• **YOUR TASK**
Would you retype the whole listing verbatim, keeping pictures out of it?

• **INPUT DATA**
---+---
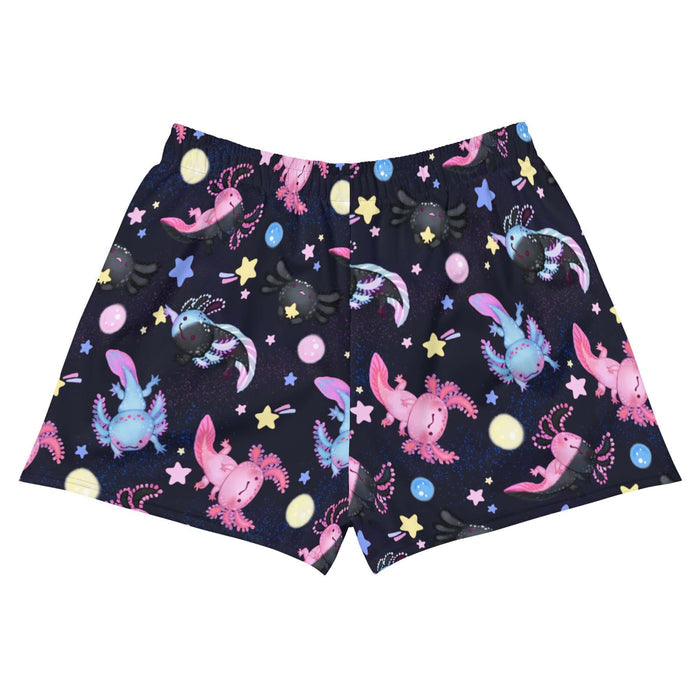 Axolotl kawaii athletic short shorts with galaxy-black axolotls and shooting stars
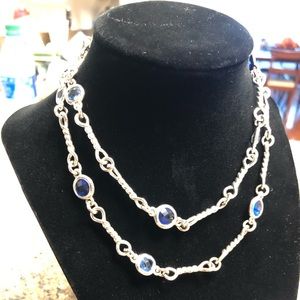 Silver long necklace with blue glass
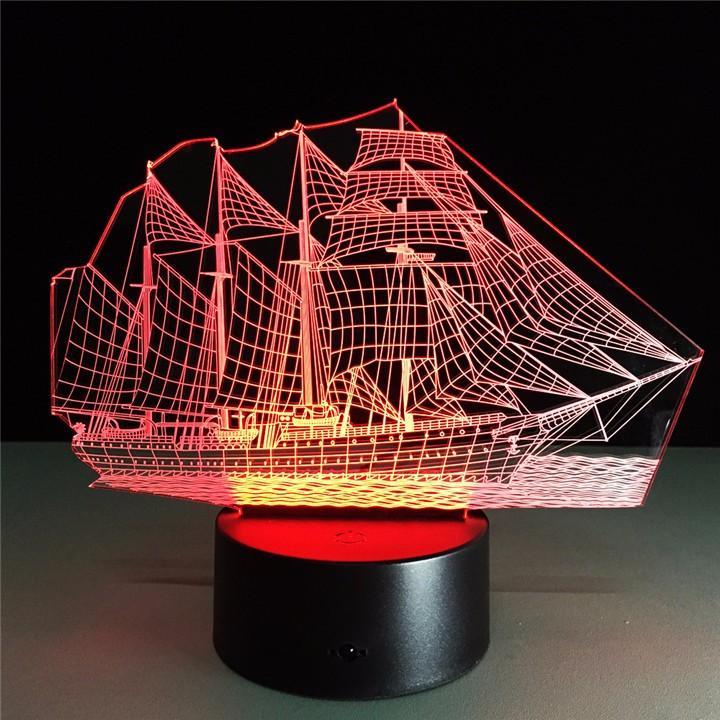 3D Sail Boat Designed Night Lamp
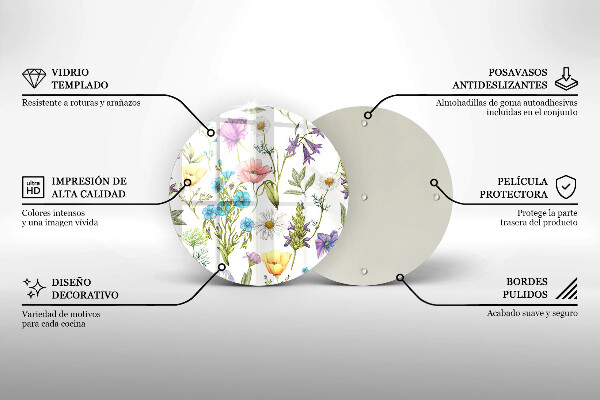 Protection plaque induction Illustration de fleurs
---+---
• **RESPONSE AREA**
 Axolotl kawaii athletic short shorts with galaxy-black axolotls and shooting stars
 Silver long necklace with blue glass
 3D Sail Boat Designed Night Lamp
 Protection plaque induction Illustration de fleurs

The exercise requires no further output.